La Finanza ha messo i sigilli a 28 beni mobili, tra cui una Lamborghini e un motoscafo Riva dal valore di centinaia di migliaia di euro, 127 immobili e terreni, 750 rapporti finanziari di varia natura (conti correnti, fondi pensione, conti deposito, obbligazioni, libretti di risparmio) riconducibili a 43 persone fisiche e giuridiche coinvolte nella frode.
Sono stati scoperti beni anche in 4 Paesi dell’Ue, Belgio, Bulgaria, Germania e Svezia, mentre in Italia le attività sono state condotte nelle province di Cremona, Milano, Brescia, Pavia, Bergamo, Lodi, Varese, Mantova, Parma, Piacenza, Venezia, Verona, Vicenza, Roma, Frosinone, Genova, Sassari, Torino, Treviso, Siena e Taranto.
Le indagini hanno preso spunto da segnalazioni per operazioni sospette riferite a società dell’e-commerce, riconducibili, direttamente ed indirettamente, a Melega. A capo di alcune delle società c’erano “teste di legno“, come una pensionata o una persona che all’epoca dei fatti era in cura da uno psichiatra; circostanza, quest’ultima, nota ad alcuni degli indagati. La donna acquisì due di queste società per un valore di 10mila euro diventandone amministratrice unica.
La difesa
"Non ho mai percepito compensi per queste attività - ha spiegato nella sua testimonianza riportata nel decreto di sequestro -. Non ho alcun trascorso manageriale essendomi occupata di una piccola lavanderia".

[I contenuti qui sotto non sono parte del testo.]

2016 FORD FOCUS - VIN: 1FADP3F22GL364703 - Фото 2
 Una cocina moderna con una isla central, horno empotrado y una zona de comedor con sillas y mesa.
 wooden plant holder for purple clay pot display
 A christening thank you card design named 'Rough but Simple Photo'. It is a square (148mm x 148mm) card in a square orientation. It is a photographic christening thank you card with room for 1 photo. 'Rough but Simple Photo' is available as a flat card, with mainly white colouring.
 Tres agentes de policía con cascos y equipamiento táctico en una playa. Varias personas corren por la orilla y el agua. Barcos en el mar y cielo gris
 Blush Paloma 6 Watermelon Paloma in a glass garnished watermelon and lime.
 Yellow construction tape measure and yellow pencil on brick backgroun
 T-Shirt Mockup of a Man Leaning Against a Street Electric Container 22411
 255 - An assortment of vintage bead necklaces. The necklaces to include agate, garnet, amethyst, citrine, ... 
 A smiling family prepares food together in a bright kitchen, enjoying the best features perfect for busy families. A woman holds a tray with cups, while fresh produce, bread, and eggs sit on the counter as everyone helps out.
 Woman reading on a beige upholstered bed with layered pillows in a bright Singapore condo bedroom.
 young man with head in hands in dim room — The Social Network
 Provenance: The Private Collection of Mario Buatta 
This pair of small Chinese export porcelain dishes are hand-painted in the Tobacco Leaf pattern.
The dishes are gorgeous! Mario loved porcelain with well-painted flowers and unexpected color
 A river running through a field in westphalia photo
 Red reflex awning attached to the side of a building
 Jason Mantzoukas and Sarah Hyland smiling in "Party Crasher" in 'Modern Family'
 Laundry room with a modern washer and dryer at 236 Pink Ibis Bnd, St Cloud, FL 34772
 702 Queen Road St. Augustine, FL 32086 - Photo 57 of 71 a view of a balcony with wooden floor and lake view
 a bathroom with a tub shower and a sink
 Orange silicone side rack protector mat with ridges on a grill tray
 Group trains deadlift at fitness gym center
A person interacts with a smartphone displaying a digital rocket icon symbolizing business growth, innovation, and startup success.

Vini, buoni carburante, prodotti elettronici e altro ancora, proposti a prezzi più che concorrenziali sul web, che non arrivavano gli acquirenti: i beni pubblicizzati non esistevano. I proventi delle truffe venivano ricondotti, con società inesistenti e prestanome compiacenti, nella disponibilità degli organizzatori dell’associazione criminosa.